Stored entries:
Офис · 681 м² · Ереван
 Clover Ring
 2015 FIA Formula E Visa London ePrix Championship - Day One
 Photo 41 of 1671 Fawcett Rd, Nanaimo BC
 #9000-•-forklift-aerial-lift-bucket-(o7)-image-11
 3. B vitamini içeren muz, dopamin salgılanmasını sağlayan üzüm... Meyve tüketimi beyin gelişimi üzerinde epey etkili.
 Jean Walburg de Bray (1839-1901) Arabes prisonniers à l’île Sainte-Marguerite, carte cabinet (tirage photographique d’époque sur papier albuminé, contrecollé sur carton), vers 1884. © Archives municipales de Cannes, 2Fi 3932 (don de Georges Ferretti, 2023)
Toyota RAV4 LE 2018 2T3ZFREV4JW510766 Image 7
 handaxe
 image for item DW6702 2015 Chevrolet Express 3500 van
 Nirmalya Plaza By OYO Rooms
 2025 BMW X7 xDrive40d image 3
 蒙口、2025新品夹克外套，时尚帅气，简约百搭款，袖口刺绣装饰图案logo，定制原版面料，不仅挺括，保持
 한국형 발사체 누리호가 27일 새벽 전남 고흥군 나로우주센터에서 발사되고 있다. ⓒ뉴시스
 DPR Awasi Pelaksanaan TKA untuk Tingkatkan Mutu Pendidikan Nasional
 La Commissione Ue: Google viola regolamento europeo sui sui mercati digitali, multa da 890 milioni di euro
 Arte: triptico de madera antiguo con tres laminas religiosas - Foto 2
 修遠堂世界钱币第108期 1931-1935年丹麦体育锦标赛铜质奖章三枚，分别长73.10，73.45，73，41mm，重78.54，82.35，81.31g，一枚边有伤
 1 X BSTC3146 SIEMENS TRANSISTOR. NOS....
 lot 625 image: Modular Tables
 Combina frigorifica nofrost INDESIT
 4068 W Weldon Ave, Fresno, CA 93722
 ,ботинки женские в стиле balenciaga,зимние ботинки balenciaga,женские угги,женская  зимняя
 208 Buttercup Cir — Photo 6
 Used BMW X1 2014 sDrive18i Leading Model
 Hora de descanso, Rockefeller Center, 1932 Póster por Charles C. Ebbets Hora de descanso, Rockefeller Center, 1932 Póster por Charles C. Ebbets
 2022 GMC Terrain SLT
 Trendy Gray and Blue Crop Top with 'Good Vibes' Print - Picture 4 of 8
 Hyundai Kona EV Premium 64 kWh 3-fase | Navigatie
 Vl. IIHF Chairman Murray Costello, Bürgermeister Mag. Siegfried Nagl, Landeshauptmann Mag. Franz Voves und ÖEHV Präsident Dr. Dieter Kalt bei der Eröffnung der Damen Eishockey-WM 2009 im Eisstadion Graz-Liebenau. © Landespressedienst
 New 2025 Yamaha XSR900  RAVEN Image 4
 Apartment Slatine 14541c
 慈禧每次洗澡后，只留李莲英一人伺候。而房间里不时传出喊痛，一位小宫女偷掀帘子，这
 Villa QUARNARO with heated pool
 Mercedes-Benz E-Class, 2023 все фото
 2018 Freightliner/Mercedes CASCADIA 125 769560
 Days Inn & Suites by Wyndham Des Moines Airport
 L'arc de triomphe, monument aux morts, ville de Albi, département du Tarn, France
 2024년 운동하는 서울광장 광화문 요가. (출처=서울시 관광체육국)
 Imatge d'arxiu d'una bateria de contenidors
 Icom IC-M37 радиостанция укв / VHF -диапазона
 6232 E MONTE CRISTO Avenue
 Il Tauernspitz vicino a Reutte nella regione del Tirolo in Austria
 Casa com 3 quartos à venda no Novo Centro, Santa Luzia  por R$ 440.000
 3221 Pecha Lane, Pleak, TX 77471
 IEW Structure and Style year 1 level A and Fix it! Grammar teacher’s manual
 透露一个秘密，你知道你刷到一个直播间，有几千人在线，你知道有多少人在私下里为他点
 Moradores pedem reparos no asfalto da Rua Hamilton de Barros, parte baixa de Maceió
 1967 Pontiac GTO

Task directions:
The range runs from the line above containing "DPR Awasi Pelaksanaan" to the line containing "Arte: triptico de", inclusive. Restate those lines word for word and no others.

Reply to the task:
 DPR Awasi Pelaksanaan TKA untuk Tingkatkan Mutu Pendidikan Nasional
 La Commissione Ue: Google viola regolamento europeo sui sui mercati digitali, multa da 890 milioni di euro
 Arte: triptico de madera antiguo con tres laminas religiosas - Foto 2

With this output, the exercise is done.